The study underscores the emergence of new interdisciplinary research avenues at the intersection of language, machine design, and physical reasoning. This convergence demands collaboration between AI researchers, mechanical engineers, cognitive scientists, and game developers to build more intelligent and creative AI systems. The challenges highlighted, such as achieving high spatial precision and strategic assembly, will drive innovation in areas like neuro-symbolic AI, embodied AI, and advanced simulation techniques. This research serves as a catalyst for developing AI that can not only understand and generate language but also interact with and shape the physical world in meaningful ways.
Ultimately, this work paves the way for enhanced human-AI collaboration in engineering. While LLMs may not yet fully replace human designers, they can become invaluable partners, assisting with iterative design processes, exploring vast design spaces, and providing creative prompts. The ability of LLMs to make detail-level adjustments through RL finetuning suggests their immediate utility in optimizing existing designs or performing rapid prototyping. As LLMs continue to improve in spatial and physical reasoning, their role could expand to more conceptual design phases, leading to a synergistic relationship where human intuition and AI’s computational power combine to achieve unprecedented levels of innovation in machine design.
Conclusion: Charting the Course for Creative AI in Engineering
This comprehensive analysis of the research into Large Language Models (LLMs) for compositional machine design reveals a pivotal step forward in understanding AI’s creative potential. The introduction of BesiegeField stands as a significant methodological contribution, providing a robust and interactive environment for benchmarking LLMs and exploring advanced learning paradigms. The study effectively demonstrates that while current open-source LLMs exhibit notable shortcomings in critical areas such as spatial reasoning and 3D understanding, the strategic application of Reinforcement Learning (RL) finetuning offers a promising pathway to enhance their design capabilities, particularly in refining and optimizing existing structures.

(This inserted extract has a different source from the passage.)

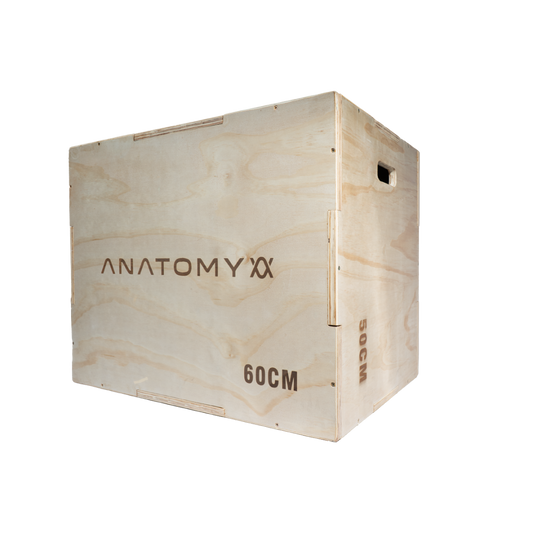 3 In 1 Wooden plyo box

The research meticulously identifies the core challenges that LLMs face when transitioning from linguistic tasks to complex physical design, emphasizing the need for models to acquire deeper physical reasoning and strategic assembly skills. Despite these limitations, the findings underscore the immense potential for LLMs to contribute to engineering design, paving the way for future advancements in AI-driven automation and intelligent design assistance. This work is not merely an assessment of current AI capabilities but a foundational piece that charts a clear course for future research at the exciting intersection of language, machine design, and physical intelligence.
In conclusion, this article makes a substantial contribution to the field by rigorously testing the boundaries of LLM creativity in a tangible, engineering context. It provides invaluable insights into both the current state and the future trajectory of AI in design, highlighting the critical areas for development while simultaneously showcasing the transformative power of integrating advanced learning techniques like RL. The journey towards truly creative and autonomous AI designers is ongoing, but this research offers a compelling vision and a robust framework for navigating the complex challenges ahead, ultimately fostering a future where AI and human ingenuity collaborate to build the machines of tomorrow.